■ Problem statement: With the images removed, repeat the data below exactly.

[Records excerpted from a collection]

::::

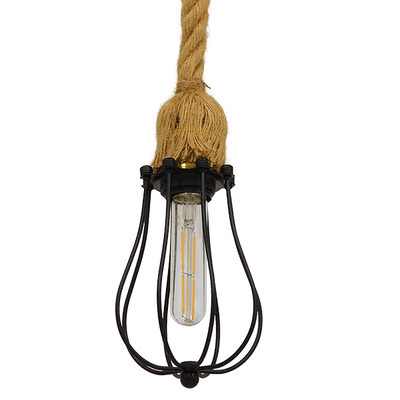 GloboStar® CAMBER 01594 Vintage Κρεμαστό Φωτιστικό Πλέγμα Μονόφωτο 1 x E27 IP20 Μαύρο Μέταλλο με Μπεζ Σχοινί - Μ11 x Π11 x Υ25cm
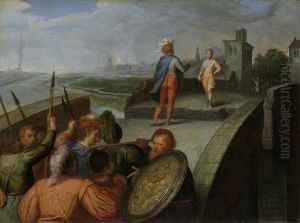 De vredesonderhandelingen tussen Claudius Civilis en de Romeinse aanvoerder Cerealis by Otto van Veen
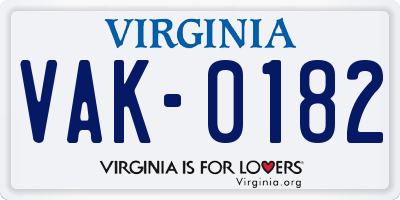 VA license plate VAK0182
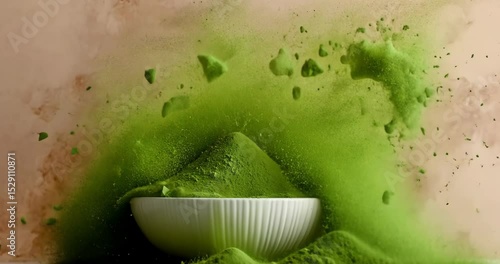 Slow motion of vibrant green matcha powder exploding from a white bowl.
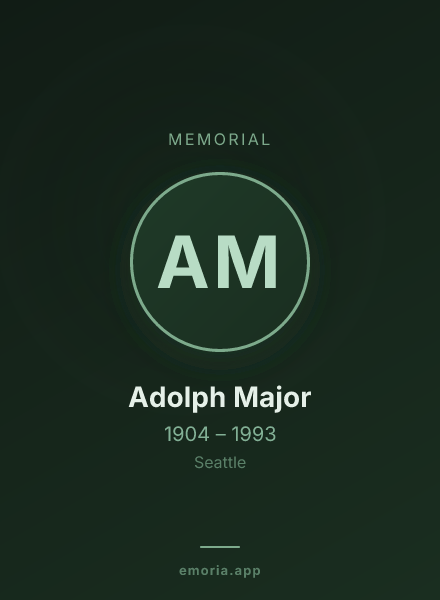 Memorial portrait of Adolph Major
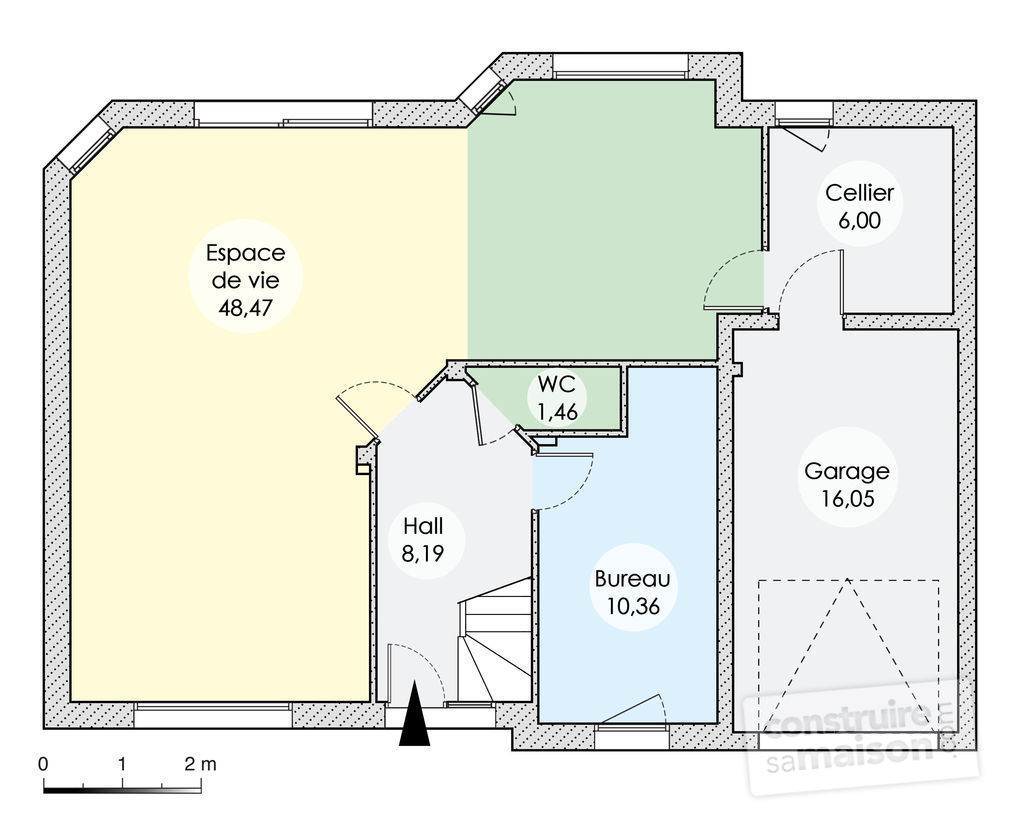 Plan de maison avec vide sur hall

::::

■ Response:
 GloboStar® CAMBER 01594 Vintage Κρεμαστό Φωτιστικό Πλέγμα Μονόφωτο 1 x E27 IP20 Μαύρο Μέταλλο με Μπεζ Σχοινί - Μ11 x Π11 x Υ25cm
 De vredesonderhandelingen tussen Claudius Civilis en de Romeinse aanvoerder Cerealis by Otto van Veen
 VA license plate VAK0182
 Slow motion of vibrant green matcha powder exploding from a white bowl.
 Memorial portrait of Adolph Major
 Plan de maison avec vide sur hall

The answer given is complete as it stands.